Dix noms qui furent dévoilés à l’issue de la remise du prix Emozioni à Paul Brunet, pour les sommeliers, et à l’Irlandais Andrew O’Gorman, dans la catégorie journaliste. Les Français étaient présents en nombre. Avec David Biraud, bien entendu, mais aussi Julie Dupouy (Irlande), Rodolphe Chevalier (Luxembourg) et Éric Zwiebel (Royaume-Uni).
Les six autres étaient Julia Scavo (Roumanie), le finaliste du mondial Aristide Spies (Belgique), Christian Thorsholt Jacobsen (Danemark), Matteo Ghiringhelli (Italie), Francesco Azzarone (Norvège) et Jon Arvid Rosengren (Suède).
Un plateau relevé de professionnels confrontés, là encore, à du très traditionnel: deux vins servis frais, un rosé (Tres Obispos 2012, Espagne) et un rouge (Golden Triangle Shiraz 2009, Afrique du Sud), pour une dégustation commentée qui devait se terminer par une identification du produit et de son pays d’origine. Trois spiritueux étaient à reconnaître: Gammel Dansk Bitter Dram (Danemark), Vieille Eau-de-Vie de Prunes d’Ente (France), Tequila 1921 (Mexique).
Puis, dans une autre salle, un exercice de gestion du stock précédait le service d’un verre de vin blanc (bouchonné) à une cliente et d’une bouteille de vin rouge à son compagnon de table. Dans le même décor, les candidats procédaient ensuite à un accord mets et vin: un verre de saké et deux morceaux de fromage (parmesan et mozzarella). À chacun de faire un choix et de le justifier…
Et comme à Tokyo, en avril dernier, une sommelière s’est hissée en finale et en a pris la troisième place. Portant les couleurs de la Roumanie mais venue en voisine de Nice où elle travaille à L’Âne rouge, Julia Scavo a maîtrisé son stress pour parfaitement relever le défi. Figurant au cinquième rang du mondial, l’ancienne enseignante a confirmé l’étendue de ses talents et de ses progrès. Son tempérament combatif fait qu’elle sera présente lors du rendez-vous argentin, en 2016.

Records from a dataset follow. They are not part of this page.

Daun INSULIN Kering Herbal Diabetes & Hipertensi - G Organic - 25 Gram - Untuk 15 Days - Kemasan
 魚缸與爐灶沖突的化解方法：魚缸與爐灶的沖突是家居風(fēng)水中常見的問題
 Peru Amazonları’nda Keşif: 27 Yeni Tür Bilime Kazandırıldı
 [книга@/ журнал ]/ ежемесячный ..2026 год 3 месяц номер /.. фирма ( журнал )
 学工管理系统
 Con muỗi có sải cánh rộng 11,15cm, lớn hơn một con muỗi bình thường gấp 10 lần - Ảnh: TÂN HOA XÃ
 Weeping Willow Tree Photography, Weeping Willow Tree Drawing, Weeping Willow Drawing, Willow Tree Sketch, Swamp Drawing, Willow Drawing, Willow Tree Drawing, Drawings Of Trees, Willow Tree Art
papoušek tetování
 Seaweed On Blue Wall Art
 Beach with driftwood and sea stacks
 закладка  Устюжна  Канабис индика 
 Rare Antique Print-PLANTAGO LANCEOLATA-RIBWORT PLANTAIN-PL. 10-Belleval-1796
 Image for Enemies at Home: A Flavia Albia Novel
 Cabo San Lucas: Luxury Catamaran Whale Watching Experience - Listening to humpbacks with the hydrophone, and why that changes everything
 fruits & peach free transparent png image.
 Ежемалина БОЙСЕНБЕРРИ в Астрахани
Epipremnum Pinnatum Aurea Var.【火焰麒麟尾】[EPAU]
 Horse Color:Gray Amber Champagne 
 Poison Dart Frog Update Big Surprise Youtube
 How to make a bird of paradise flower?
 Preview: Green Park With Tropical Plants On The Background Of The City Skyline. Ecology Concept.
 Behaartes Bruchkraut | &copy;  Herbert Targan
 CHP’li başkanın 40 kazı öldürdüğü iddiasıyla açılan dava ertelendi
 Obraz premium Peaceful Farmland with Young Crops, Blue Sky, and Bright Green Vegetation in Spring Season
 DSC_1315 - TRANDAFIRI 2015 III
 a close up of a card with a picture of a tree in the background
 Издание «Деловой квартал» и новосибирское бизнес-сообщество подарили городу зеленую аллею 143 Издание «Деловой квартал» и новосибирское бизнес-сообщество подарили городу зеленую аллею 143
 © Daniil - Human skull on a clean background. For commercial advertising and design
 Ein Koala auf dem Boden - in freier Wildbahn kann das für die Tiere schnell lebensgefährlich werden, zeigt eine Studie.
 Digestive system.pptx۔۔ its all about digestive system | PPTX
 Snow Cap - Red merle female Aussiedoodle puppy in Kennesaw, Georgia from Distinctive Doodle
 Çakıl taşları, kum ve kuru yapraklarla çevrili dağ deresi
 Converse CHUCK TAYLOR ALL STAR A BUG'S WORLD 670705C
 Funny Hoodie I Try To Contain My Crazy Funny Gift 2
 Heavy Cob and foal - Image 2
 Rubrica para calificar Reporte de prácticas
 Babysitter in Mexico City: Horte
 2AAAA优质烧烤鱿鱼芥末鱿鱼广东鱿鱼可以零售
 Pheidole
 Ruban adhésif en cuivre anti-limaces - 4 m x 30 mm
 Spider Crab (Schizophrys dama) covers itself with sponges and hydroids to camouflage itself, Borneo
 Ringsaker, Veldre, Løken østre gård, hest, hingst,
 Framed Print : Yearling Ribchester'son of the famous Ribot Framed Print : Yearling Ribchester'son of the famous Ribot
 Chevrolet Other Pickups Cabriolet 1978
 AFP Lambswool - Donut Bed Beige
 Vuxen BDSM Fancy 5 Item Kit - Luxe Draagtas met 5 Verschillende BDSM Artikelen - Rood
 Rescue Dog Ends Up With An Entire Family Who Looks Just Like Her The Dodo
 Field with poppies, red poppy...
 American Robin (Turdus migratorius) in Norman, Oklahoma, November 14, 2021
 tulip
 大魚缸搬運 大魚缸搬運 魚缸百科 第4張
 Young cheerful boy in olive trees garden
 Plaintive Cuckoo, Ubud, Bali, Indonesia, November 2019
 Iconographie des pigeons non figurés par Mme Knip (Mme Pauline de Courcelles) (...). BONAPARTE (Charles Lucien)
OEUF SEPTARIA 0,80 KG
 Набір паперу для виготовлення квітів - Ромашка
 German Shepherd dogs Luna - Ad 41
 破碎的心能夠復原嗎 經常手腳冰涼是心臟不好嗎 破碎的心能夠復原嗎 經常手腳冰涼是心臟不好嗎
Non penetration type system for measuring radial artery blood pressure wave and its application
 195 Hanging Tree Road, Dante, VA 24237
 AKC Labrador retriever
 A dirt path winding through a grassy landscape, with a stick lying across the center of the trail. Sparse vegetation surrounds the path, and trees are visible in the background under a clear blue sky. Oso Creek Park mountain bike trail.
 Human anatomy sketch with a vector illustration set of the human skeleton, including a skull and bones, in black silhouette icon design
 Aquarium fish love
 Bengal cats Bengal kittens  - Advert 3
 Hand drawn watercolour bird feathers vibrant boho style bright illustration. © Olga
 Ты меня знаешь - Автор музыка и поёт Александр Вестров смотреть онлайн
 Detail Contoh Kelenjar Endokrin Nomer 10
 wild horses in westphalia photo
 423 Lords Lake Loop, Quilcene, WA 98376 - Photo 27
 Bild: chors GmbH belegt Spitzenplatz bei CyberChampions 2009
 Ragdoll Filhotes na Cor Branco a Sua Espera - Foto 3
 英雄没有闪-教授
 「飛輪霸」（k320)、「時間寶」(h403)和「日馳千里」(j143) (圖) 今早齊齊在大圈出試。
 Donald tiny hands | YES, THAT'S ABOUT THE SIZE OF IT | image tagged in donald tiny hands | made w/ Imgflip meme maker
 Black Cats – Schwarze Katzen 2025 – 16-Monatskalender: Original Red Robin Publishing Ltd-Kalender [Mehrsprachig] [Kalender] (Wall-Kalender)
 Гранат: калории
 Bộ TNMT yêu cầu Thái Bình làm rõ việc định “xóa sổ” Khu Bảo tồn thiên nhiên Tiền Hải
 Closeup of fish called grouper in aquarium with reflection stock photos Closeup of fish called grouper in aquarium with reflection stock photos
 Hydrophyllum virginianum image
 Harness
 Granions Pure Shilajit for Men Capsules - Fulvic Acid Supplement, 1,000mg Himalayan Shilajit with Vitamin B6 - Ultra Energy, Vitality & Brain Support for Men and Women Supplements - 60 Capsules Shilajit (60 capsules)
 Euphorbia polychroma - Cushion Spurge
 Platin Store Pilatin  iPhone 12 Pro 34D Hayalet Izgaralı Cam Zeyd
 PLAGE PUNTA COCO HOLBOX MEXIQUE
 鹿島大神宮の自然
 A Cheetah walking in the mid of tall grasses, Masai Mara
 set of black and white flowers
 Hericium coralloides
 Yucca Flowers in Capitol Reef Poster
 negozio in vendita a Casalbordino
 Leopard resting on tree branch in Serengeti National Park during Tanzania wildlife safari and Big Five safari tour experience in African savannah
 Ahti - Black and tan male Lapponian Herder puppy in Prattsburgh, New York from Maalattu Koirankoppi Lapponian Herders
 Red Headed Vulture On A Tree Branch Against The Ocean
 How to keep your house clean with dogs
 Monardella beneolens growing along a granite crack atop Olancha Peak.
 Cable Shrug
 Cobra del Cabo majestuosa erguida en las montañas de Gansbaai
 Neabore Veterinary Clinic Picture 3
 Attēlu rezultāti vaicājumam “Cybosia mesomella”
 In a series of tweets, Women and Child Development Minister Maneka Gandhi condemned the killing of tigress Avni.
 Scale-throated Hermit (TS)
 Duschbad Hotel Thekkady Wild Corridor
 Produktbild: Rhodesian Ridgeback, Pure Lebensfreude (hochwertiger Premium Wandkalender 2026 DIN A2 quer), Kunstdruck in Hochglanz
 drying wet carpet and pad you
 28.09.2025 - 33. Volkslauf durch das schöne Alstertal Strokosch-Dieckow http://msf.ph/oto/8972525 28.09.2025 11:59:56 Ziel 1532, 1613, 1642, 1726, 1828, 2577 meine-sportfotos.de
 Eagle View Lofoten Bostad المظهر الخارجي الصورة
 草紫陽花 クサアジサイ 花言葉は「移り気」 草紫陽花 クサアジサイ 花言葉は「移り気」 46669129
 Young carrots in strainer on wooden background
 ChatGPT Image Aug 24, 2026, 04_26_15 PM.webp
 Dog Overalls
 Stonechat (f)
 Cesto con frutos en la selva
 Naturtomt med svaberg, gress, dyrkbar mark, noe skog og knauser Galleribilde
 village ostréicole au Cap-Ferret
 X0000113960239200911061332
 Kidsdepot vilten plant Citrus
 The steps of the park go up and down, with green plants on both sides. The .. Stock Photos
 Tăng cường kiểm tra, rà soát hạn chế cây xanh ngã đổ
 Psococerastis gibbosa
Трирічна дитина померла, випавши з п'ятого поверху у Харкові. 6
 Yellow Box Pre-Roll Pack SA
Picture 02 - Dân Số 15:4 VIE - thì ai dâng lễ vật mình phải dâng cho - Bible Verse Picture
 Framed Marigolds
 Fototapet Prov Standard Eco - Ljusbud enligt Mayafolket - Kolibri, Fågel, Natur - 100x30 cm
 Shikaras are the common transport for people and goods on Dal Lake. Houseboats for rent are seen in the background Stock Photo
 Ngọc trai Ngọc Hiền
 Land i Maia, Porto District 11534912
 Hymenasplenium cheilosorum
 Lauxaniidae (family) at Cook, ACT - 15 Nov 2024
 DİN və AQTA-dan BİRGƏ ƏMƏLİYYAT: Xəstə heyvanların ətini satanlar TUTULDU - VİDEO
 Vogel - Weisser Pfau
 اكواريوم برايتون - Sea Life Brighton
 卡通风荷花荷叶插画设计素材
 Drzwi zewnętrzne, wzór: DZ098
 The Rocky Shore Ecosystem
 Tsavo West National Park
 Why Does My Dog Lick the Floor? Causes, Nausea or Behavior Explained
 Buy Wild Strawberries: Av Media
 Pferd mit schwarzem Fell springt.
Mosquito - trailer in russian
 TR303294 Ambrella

Pour le dernier jour de compétition, trois seulement allaient se retrouver face au public et découvrir une suite d’épreuves faisant appel à la palette des connaissances théoriques et pratiques d’un professionnel du vin en restauration.
David Biraud, lui, avait connu un vrai passage à vide au Japon, alors qu’il figurait parmi la short-list des favoris. Un échec dont il avait tourné la page. Il voulait redevenir le sommelier pur et dur qu’il est au quotidien dans la salle du restaurant gastronomique du Mandarin Oriental Paris. Un choix qui a porté ses fruits. Détendu, à l’aise, même, au point de faire oublier par son attitude qu’il disputait la finale d’un concours, le Vendéen a malheureusement buté sur l’épreuve de dégustation. Là où, justement, son adversaire suédois a fait la différence…
Le Français était donc légitimement déçu. Pourtant, son retour au tout premier plan avec la seconde place, comme en 2010, doit pouvoir lui donner l’envie de poursuivre l’aventure des grands concours jusqu’en 2016.
Quant au vainqueur… il a déjà pris rendez-vous en Argentine!